This commit adds a detailed proposal for migrating Compiler Explorer's configuration system from .properties files to TOML format. It includes: - Analysis of current configuration system limitations - Benefits of using TOML - An audit of array usage patterns in current config files - A phased migration approach - Sample conversions showing how properties map to TOML - Implementation considerations and timeline The proposal addresses issues raised in #7150 and #7341 regarding configuration readability and hierarchical inheritance. 🤖 Generated with [Claude Code](https://claude.ai/code) Co-Authored-By: Claude <noreply@anthropic.com>
14 KiB
Migrating Compiler Explorer to TOML
This document outlines a proposal for migrating Compiler Explorer's configuration system from the current .properties
format to TOML (Tom's Obvious, Minimal Language).
Current System Limitations
Our current properties-based configuration system has several limitations:
-
Awkward List Handling: The system relies on splitting strings on
:and|characters, which is error-prone and inflexible. This creates very long, difficult-to-read lines in configuration files. -
Poor Group Inheritance: As noted in issue #7150, group properties don't properly cascade across environment files, making configuration reuse difficult.
-
Limited Data Structure Support: The system can only represent flat key-value pairs without proper support for nested structures, arrays, or tables.
-
Readability Issues: Long property values (particularly lists) become unwieldy and hard to maintain, as noted in issue #7341.
-
No Format Standard: The
.propertiesformat lacks standardized tooling for validation, formatting, and editor support.
Why TOML?
TOML (Tom's Obvious, Minimal Language) provides several advantages:
-
Human-Friendly: TOML is designed to be easy to read and write, with clear semantics.
-
Native Array Support: TOML has built-in support for arrays, eliminating the need for custom string splitting.
-
Table Support: TOML's tables provide natural grouping of related properties.
-
Widely Adopted: Many projects use TOML, resulting in good editor support and validation tools.
-
Backward Compatible Path: TOML's structure makes it possible to maintain compatibility with the existing codebase.
-
Type System: TOML natively supports strings, integers, floats, booleans, dates, and arrays.
-
Multi-line Strings: TOML supports multi-line strings, making long values more readable.
Array Usage Audit
The current configuration system uses different separators for different types of arrays.
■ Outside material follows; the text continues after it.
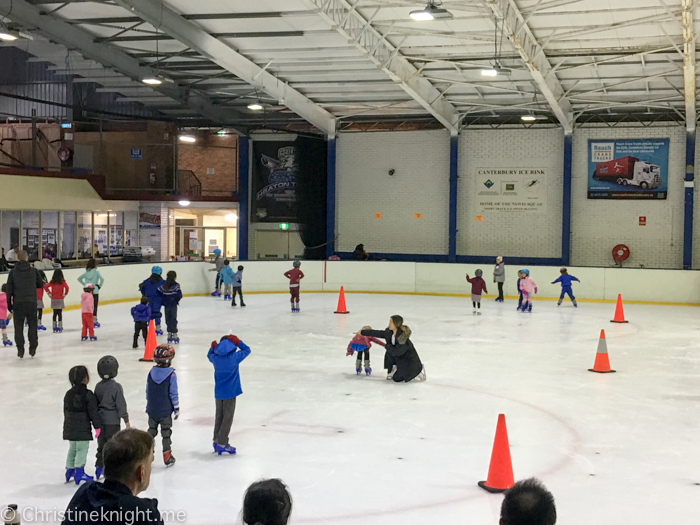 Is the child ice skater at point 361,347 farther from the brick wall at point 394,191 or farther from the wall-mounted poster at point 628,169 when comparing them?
the wall-mounted poster at point 628,169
Below is an audit of the common array patterns found in the configuration files:
Colon-Separated (:) Arrays
| Property Pattern | Description | Example | Typical Length |
|---|---|---|---|
compilers |
List of compiler IDs | compilers=&gcc:&clang |
Short to Medium (5-15 items) |
group.X.compilers |
List of compilers in a group | group.gcc.compilers=g10:g11:gdefault |
Medium (5-15 items) |
tools |
List of tool IDs | tools=clangquerydefault:clangtidydefault:clangquery7:... |
Medium to Long (10-30 items) |
libs |
List of library IDs | libs=boost:eigen:gsl:... |
Very Long (20-50+ items) |
group.X.includeFlag |
List of include paths | group.libs.includeFlag=-isystem/path1:-isystem/path2 |
Medium (3-10 items) |
group.X.versions |
Available versions | group.boost.versions=164:165:166:167:168:169:170:171:172:173:174:175 |
Medium to Long (5-20 items) |
group.X.options |
List of compiler options | group.clang10.options=-std=c++98:-std=c++11:-std=c++14:-std=c++17:-std=c++20 |
Medium (3-10 items) |
Pipe-Separated (|) Arrays
| Property Pattern | Description | Example | Typical Length |
|---|---|---|---|
ldPath |
Library search paths | ldPath=${exePath}/../lib|${exePath}/../lib32|${exePath}/../lib64 |
Short (2-5 items) |
compiler.X.demanglerArgs |
Arguments for demangler | demanglerArgs=-n|-C|--no-verbose |
Short (2-5 items) |
compiler.X.objdumperArgs |
Arguments for objdumper | objdumperArgs=-d|--no-show-raw-insn|--no-leading-addr |
Short (2-5 items) |
group.X.libPath |
Library paths | libPath=/path/to/lib1|/path/to/lib2 |
Short (2-5 items) |
Key Patterns and Usage Insights
-
Command-line Arguments: Pipe-separated (
|) is consistently used for command-line arguments and path lists that might contain colons. This is because colons often appear in paths (especially on Windows) and in command-line options. -
Entity Lists: Colon-separated (
:) is used for lists of entity IDs like compilers, compiler versions, or tools. These lists tend to be longer and are the ones most in need of better readability. -
Length Patterns:
- Pipe-separated lists tend to be shorter (2-5 items)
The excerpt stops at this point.